**Data listing:**

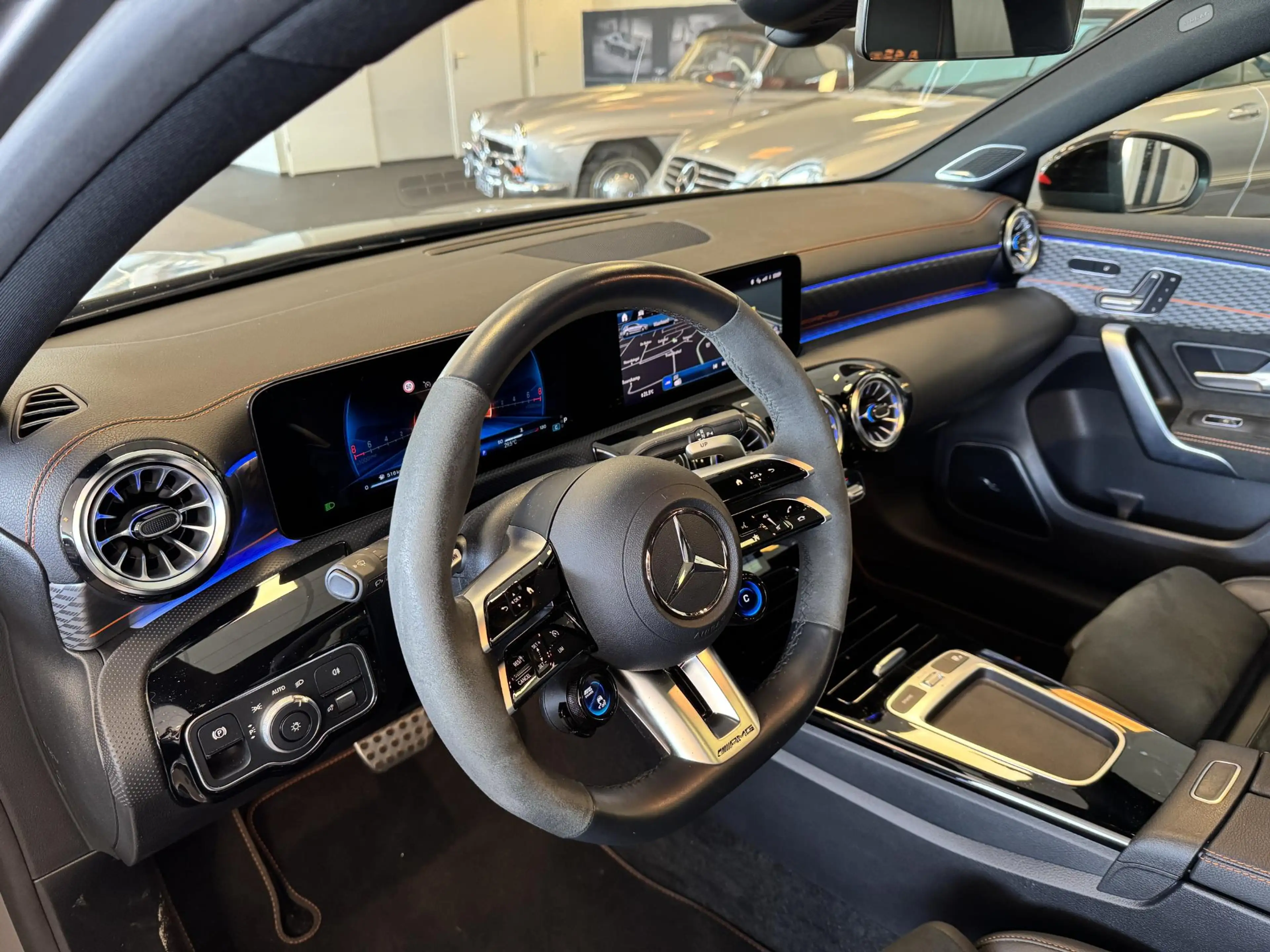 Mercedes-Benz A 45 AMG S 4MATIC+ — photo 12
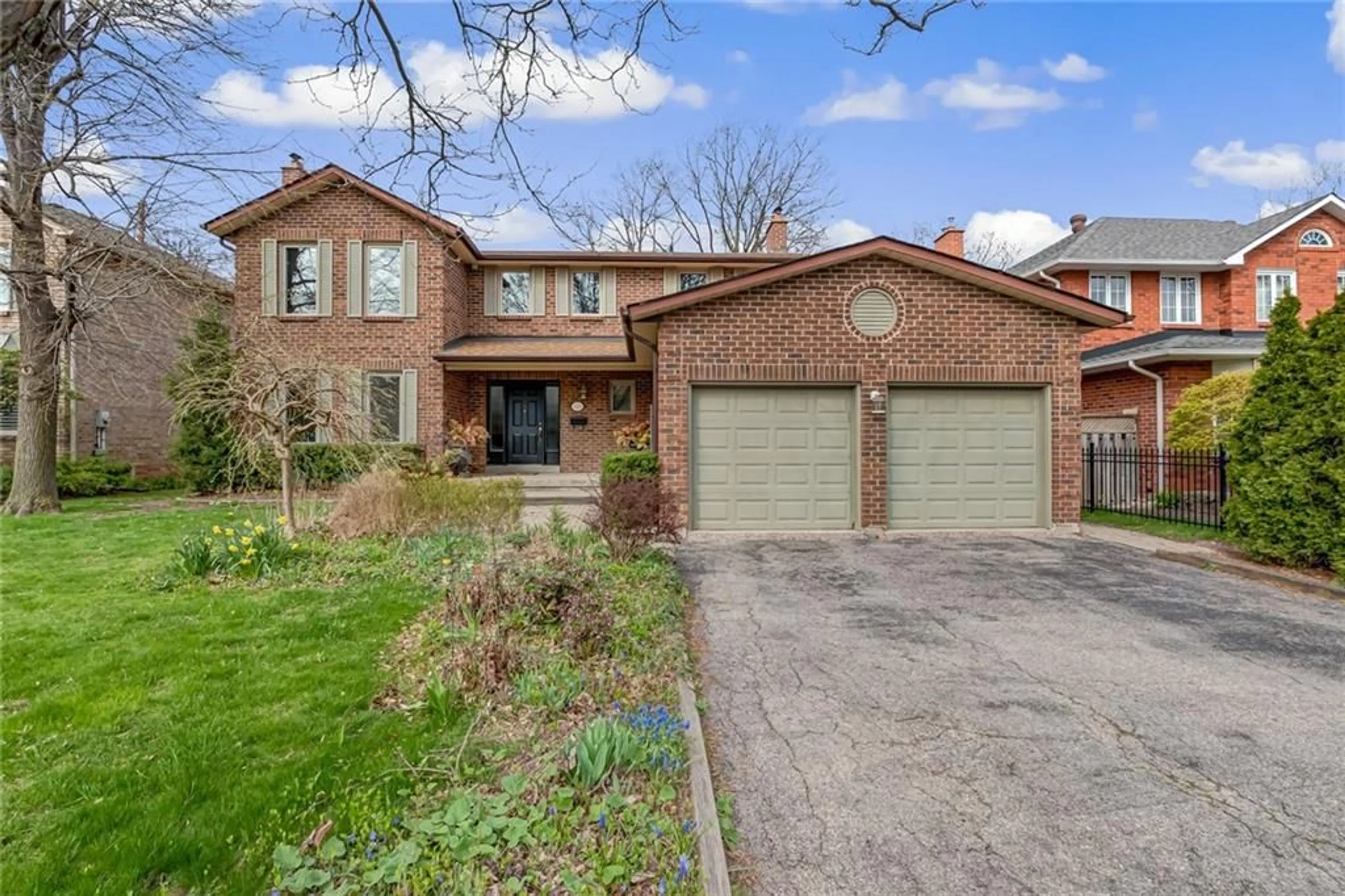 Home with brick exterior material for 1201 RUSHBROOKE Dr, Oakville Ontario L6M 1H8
...
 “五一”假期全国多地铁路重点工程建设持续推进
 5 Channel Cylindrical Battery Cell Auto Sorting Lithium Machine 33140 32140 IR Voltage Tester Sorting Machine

**Try it:** Starting with the line that has "Mercedes-Benz A 45 AMG S 4MATIC+ — photo 12" and going on through the line that has "Home with brick", transcribe the records above exactly, but skip the pictures.

**Solution:**
 Mercedes-Benz A 45 AMG S 4MATIC+ — photo 12
 Home with brick exterior material for 1201 RUSHBROOKE Dr, Oakville Ontario L6M 1H8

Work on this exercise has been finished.